Scraped caption text data
---------------

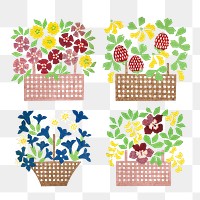 Basket of flowers pack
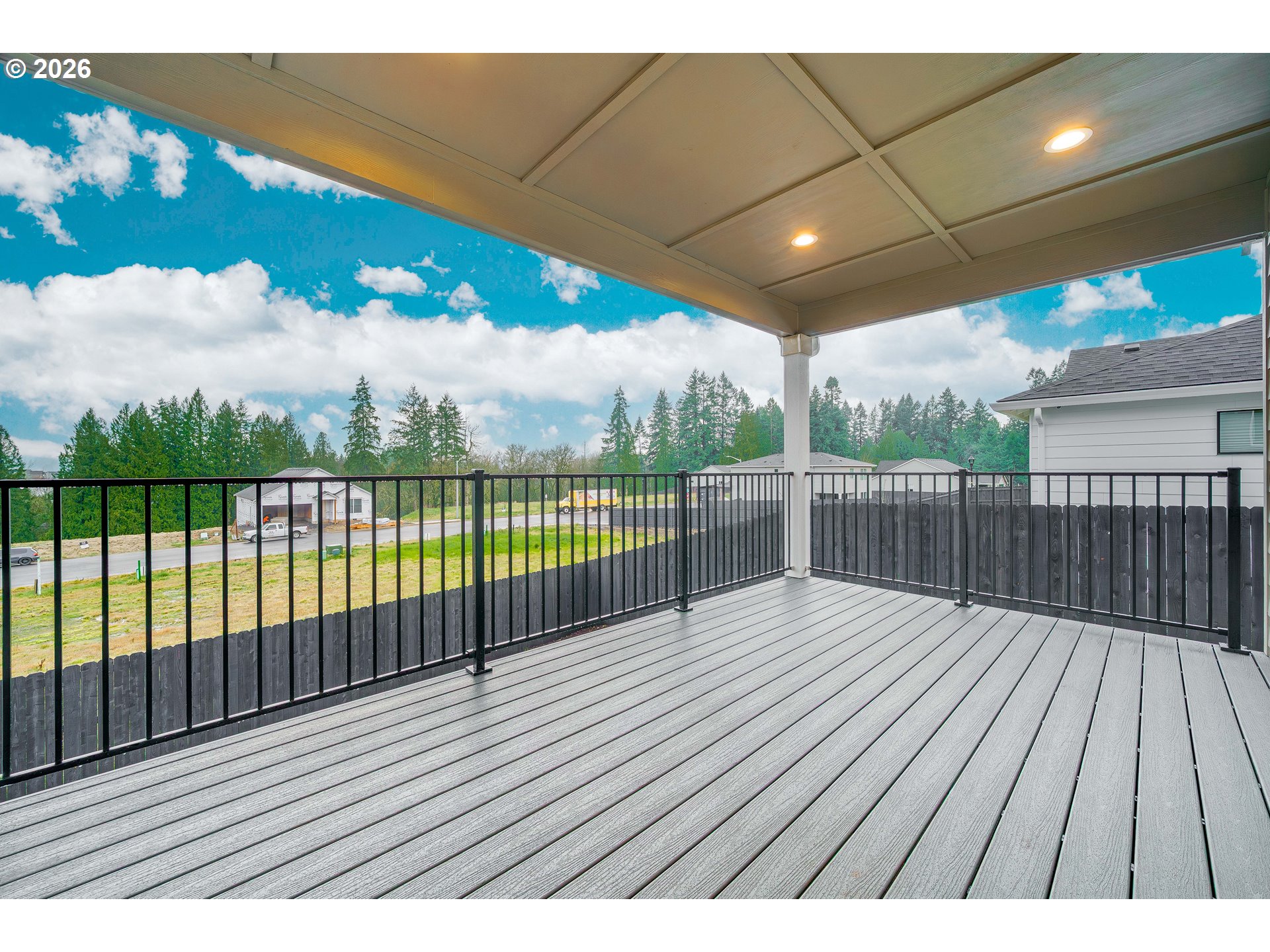 516 West 20th Way La Center, WA 98629 - Photo 38 of 45 a view of balcony with wooden floor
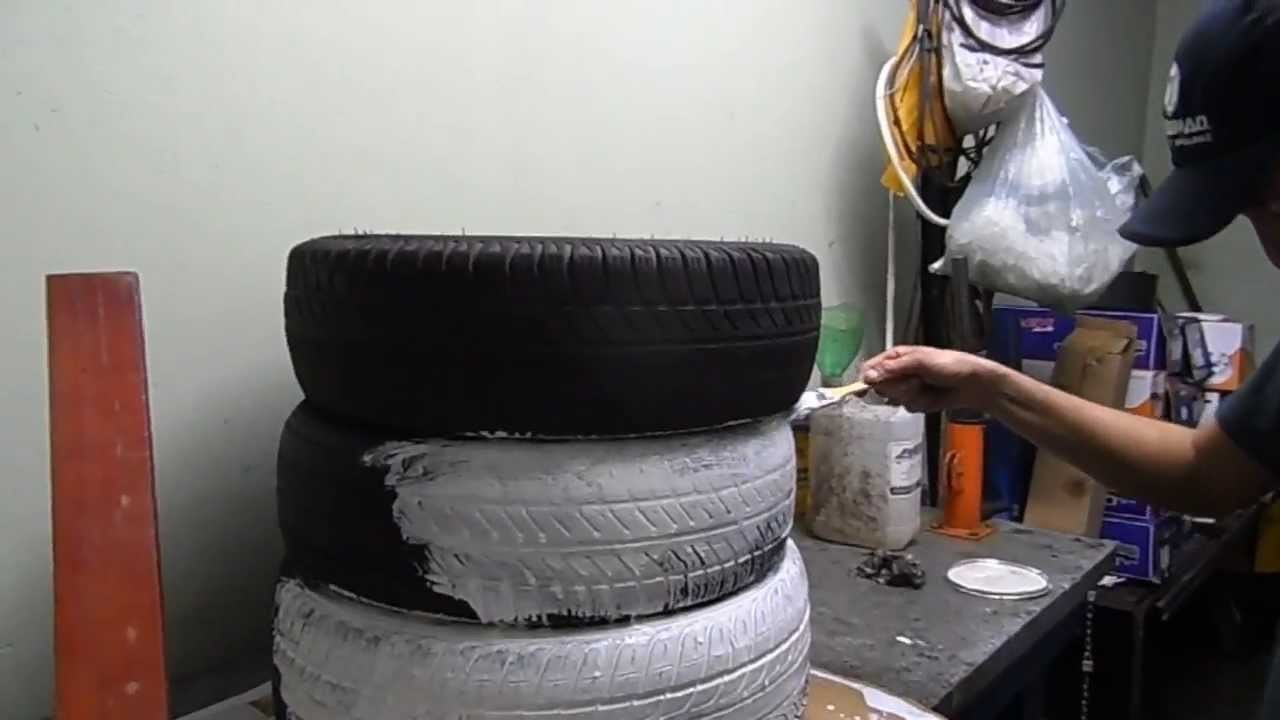 Puff de pneus velhos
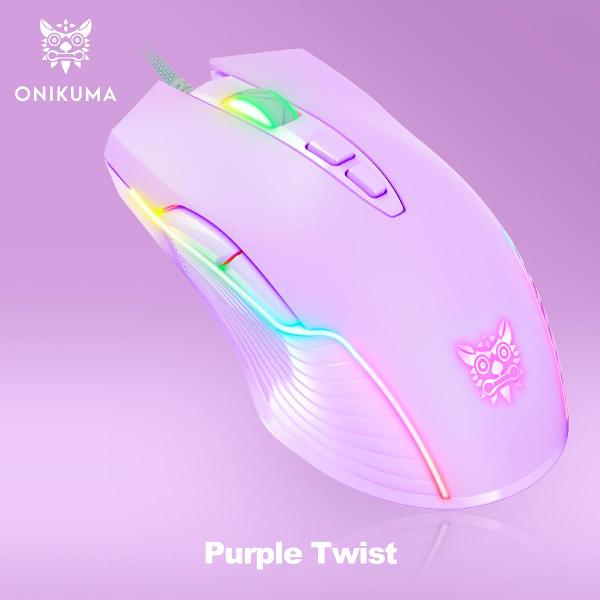 Игровая мышь Onikuma CW905 Purple Twist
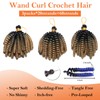 S-noilite Jamaican Bounce Crochet Hair 6 inch,Jumpy Wand Curls Short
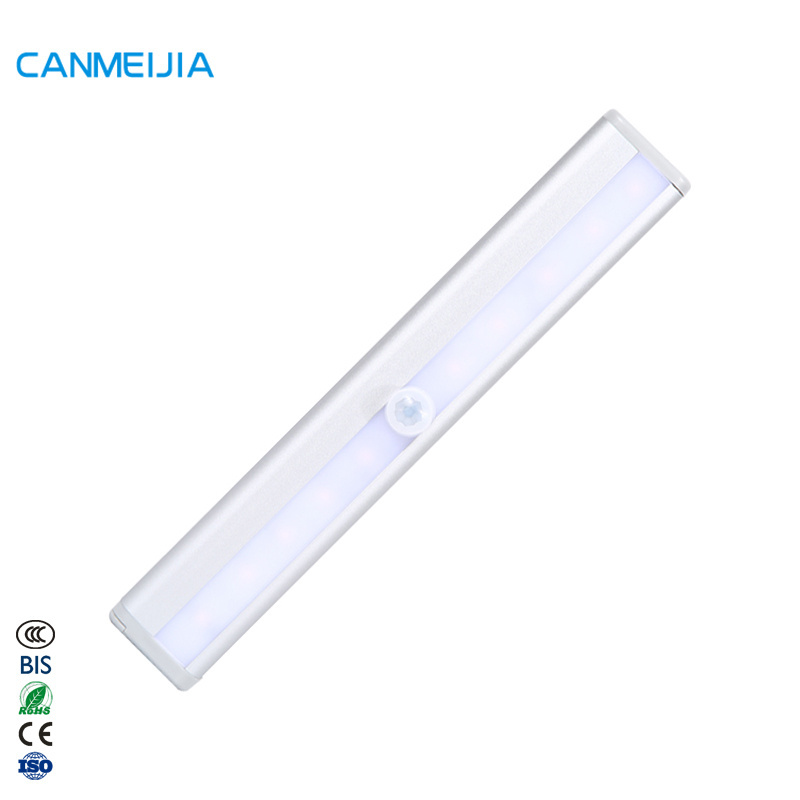 4*AAA Battery Operated Radar Sensor Magnetic Led Light Motion Bar Pir Hallway Bedroom Kitchen Sensor Light,Sensor Light Motion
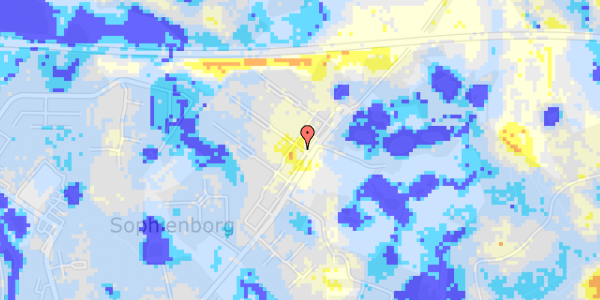 Ekstrem regn på Sophienlund 78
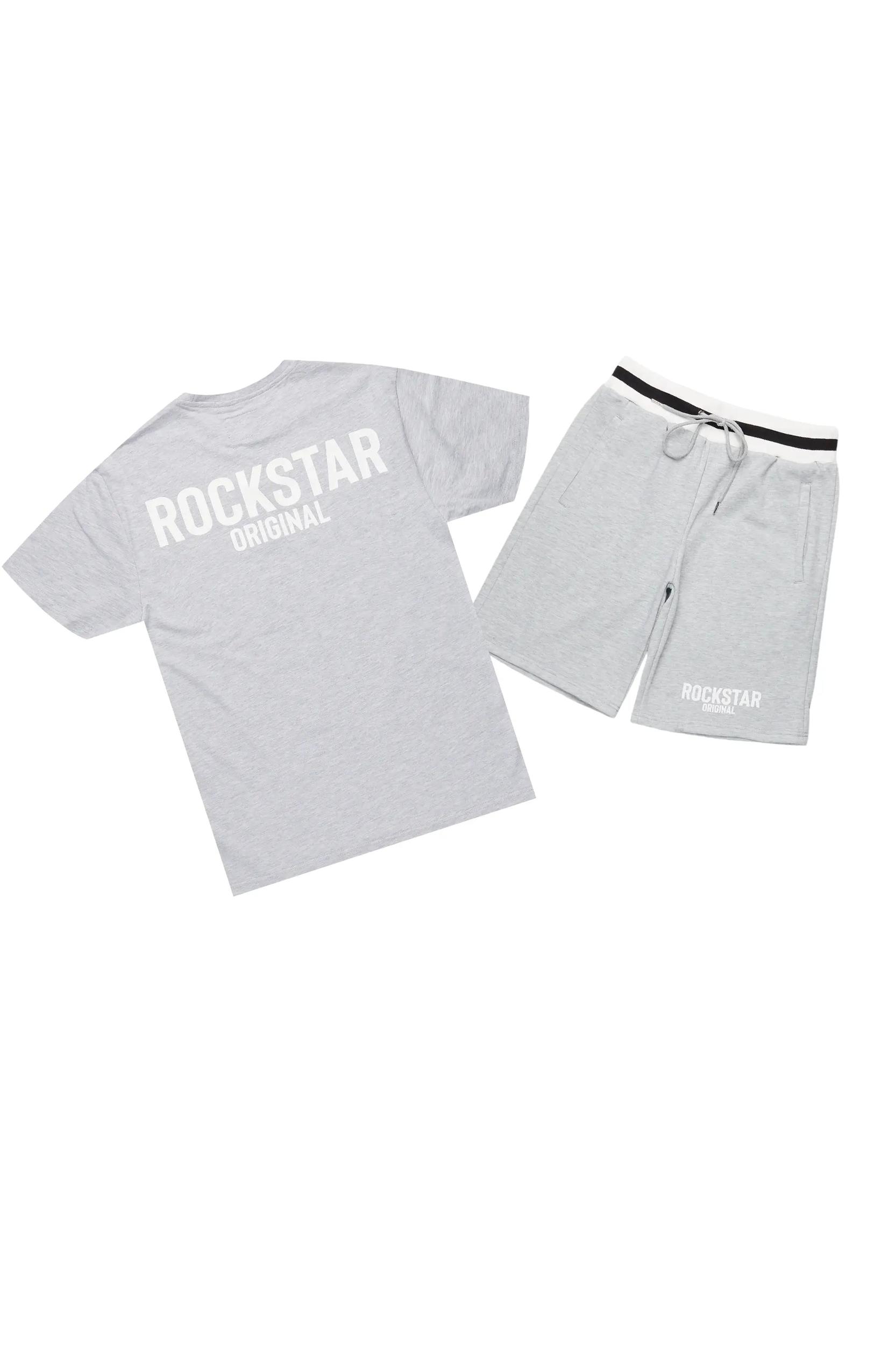 Sana Heather Grey Short Set Male Product Image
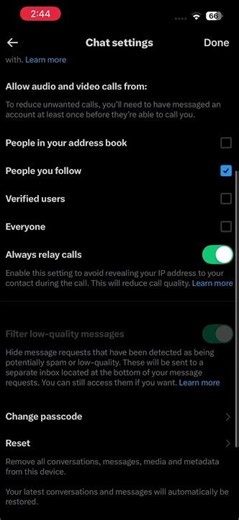 How to enable audio and video calling on X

---------------

__The task__. Word for word, reproduce all of the entries above and omit the pictures.

__Solution below__.
 Basket of flowers pack
 516 West 20th Way La Center, WA 98629 - Photo 38 of 45 a view of balcony with wooden floor
 Puff de pneus velhos
 Игровая мышь Onikuma CW905 Purple Twist
 S-noilite Jamaican Bounce Crochet Hair 6 inch,Jumpy Wand Curls Short
 4*AAA Battery Operated Radar Sensor Magnetic Led Light Motion Bar Pir Hallway Bedroom Kitchen Sensor Light,Sensor Light Motion
 Ekstrem regn på Sophienlund 78
 Sana Heather Grey Short Set Male Product Image
 How to enable audio and video calling on X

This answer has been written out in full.